But maybe asking ourselves those questions could serve to inspire us to do better.
Maybe those questions could help us to not miss so many opportunities going forward. Maybe asking those questions could quell our tendency to run away from God. Maybe asking those questions and realizing we cannot possibly know the answers would get us to ask more questions to which we could have the answers.
Rather than just ambling aimlessly through life as if nothing we do really means enough that it could perhaps cause us to miss the moments and memories that we’ll one day look back and realize we never got to have.
I think that perhaps the problem with a truth like this one is that we’ve come to think of idols as little golden statues that we sit on shelves inside our homes. That they’re these physical things that we can touch and hold and lift high for all to see this shiny cool thing that we’ve come to believe might really matter. Idols are materials that people buy and spend their time cherishing, right?
Yeah.
But so too are they ideas that we spend our lives working to bring to fruition. So too are they ideals that we give untold amounts of time and effort to making sure come to pass. So too are they dreams that we fight to make come true. They’re plans we make for the things we alone want to do. They’re choices we choose for what are reasons that themselves may well be idols too.
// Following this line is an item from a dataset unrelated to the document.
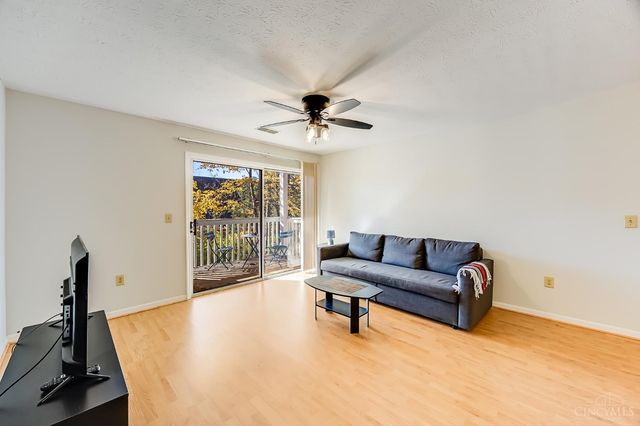 120 Carrington Lane, Loveland, OH 45140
Because we idolize everything!
And yet every idol is worthless. Indeed, reading through Job last night and this one stopped me cold:
“Let him not deceive himself by trusting what is worthless, for he will get nothing in return.”
“Those who cling to worthless idols turn away from God’s love for them.”
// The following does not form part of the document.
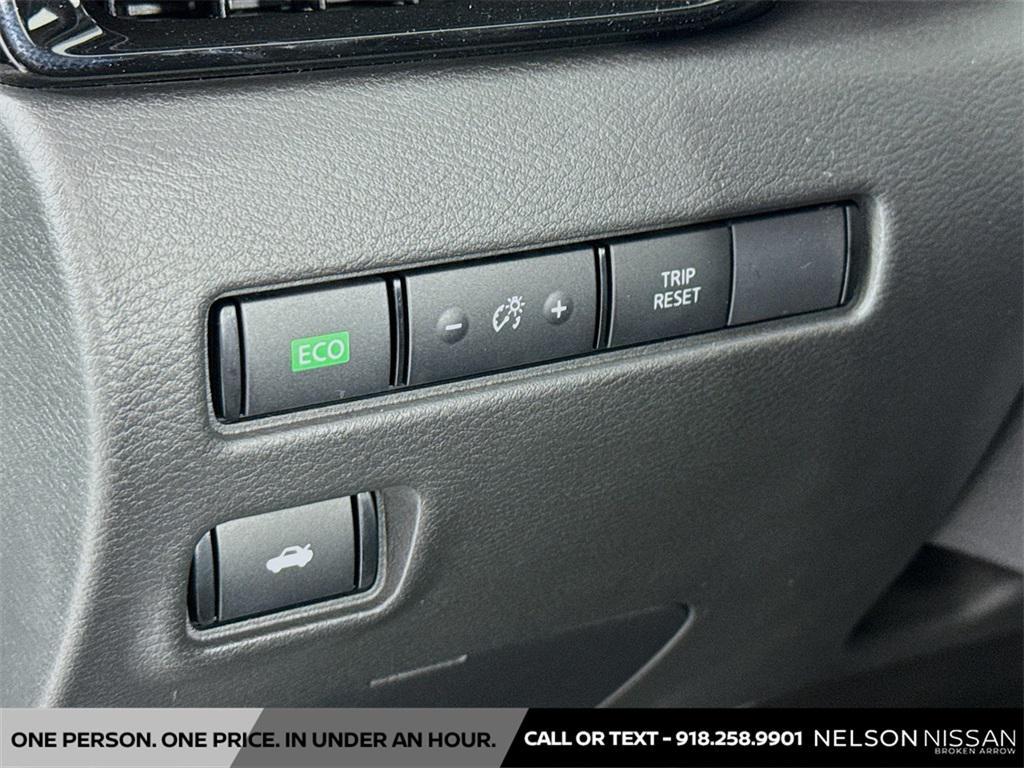 new 2025 Nissan Sentra car, priced at $23,470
My point is that yes, God’s plans will be done and His every promise then fulfilled. All things will indeed work together for the good of those who love Him and have been called according to His plans, His purpose, His promise. But friends, problem is that we’ve learned really well how to let that call go to voicemail as we instead spend our lives doing those things that we want do, making the choices we want to choose, chasing the idols, ideas, ideals that we alone think matter most.
All of us have sinned and fallen short of the glory of God in what have then been lives in which we sought the glory and gain of who know how many other things. And, well, anything that takes God’s place in our hearts, minds, lives, it’s an idol. And if it’s an idol then it’s something we come to serve in what is a way that leads us only away from His plans and paths and promises and purposes.
That’s why hell exists.
It’s the place reserved for those who spend their lives choosing only to refuse God every chance they get.
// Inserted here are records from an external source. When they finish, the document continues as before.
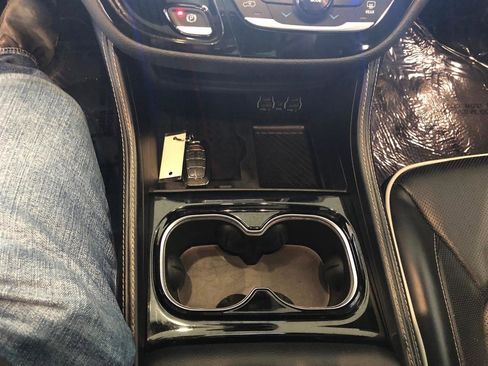 Used 2025 Chrysler Pacifica Limited image 23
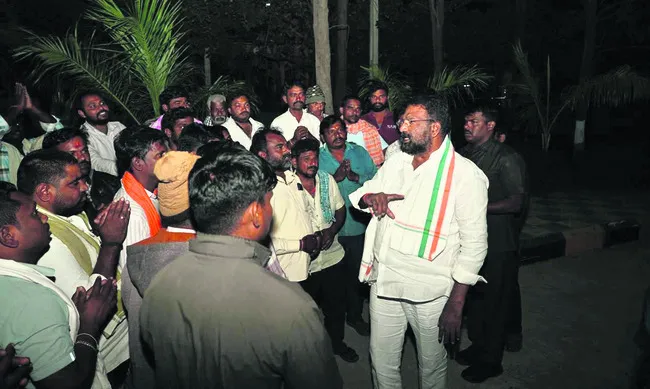 ప్రజలకు అండగా ఉంటా: మంత్రి వాకిటి 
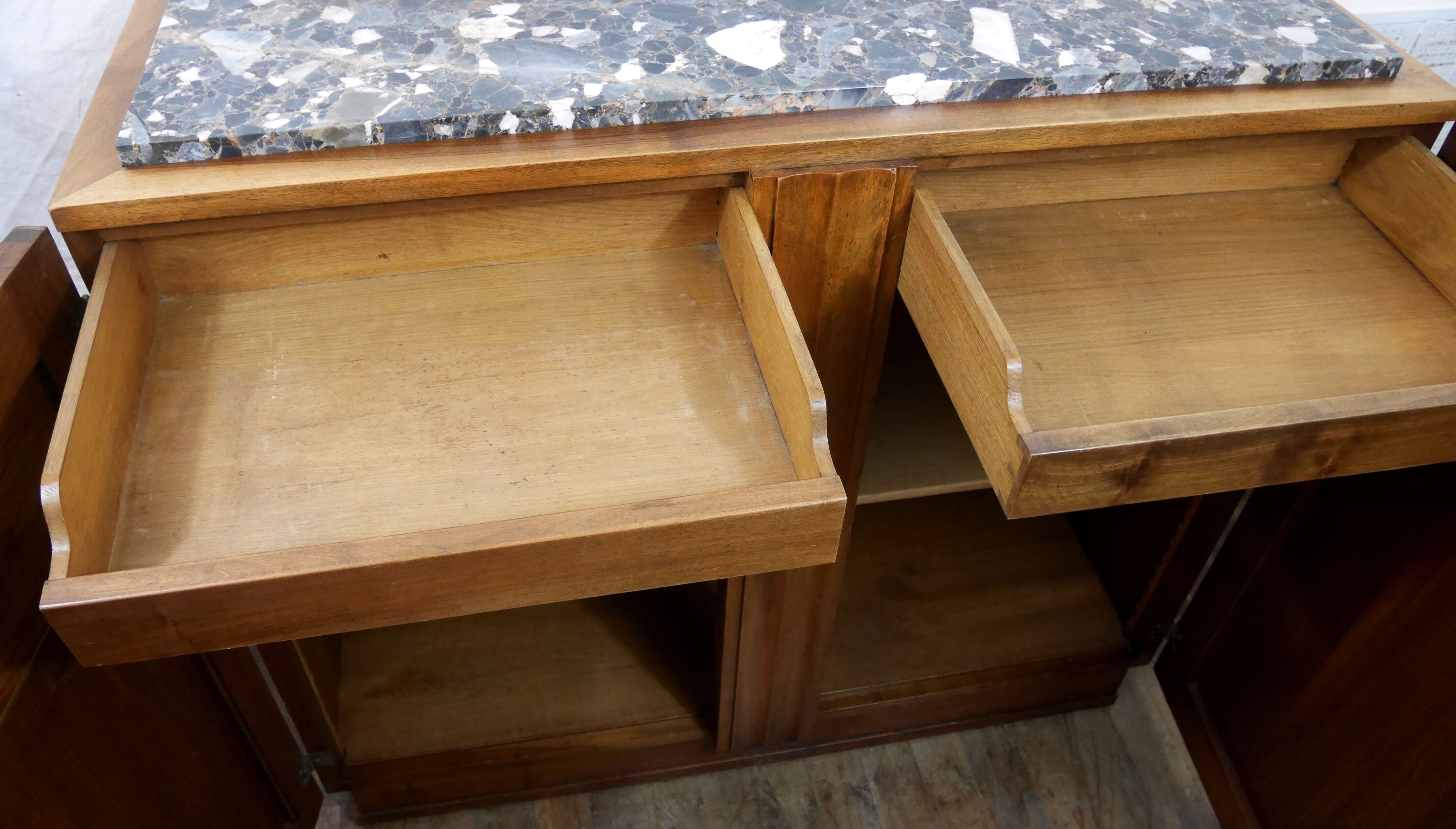 Sideboard art deco 1930 walnut floral pattern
And I contend that such things as guilt and regret, those known best in hindsight helping us see that we simply cannot see anything of everything that might have been, could have been, should have been, I think that’s a misery near enough the vicinity of hell that it may well inspire us to run from the flame toward the Fire.
A journey every such prodigal need make as all of us have come to become.
Indeed, I believe we cannot even begin to realize or understand all our hands and hearts have cost us as they reached after so many mistakes over the years. We have no idea how many blessings we’ve run from, improvements we’ve rejected, rewards we’ve left to rot and opportunities that we’ve just plain lost. And perhaps we never will because hindsight only helps us see what all we got wrong.
Don’t show us what would have been had we gotten those mistakes right instead.
Maybe this is all just another worthless thought of a tired man wondering what wasn’t thanks to what was. I just know I’m tired because of a life spent running away from God’s love and all the memories and miracles that I could have known but never did.
Makes me want to do things differently with whatever time and opportunity I may have left.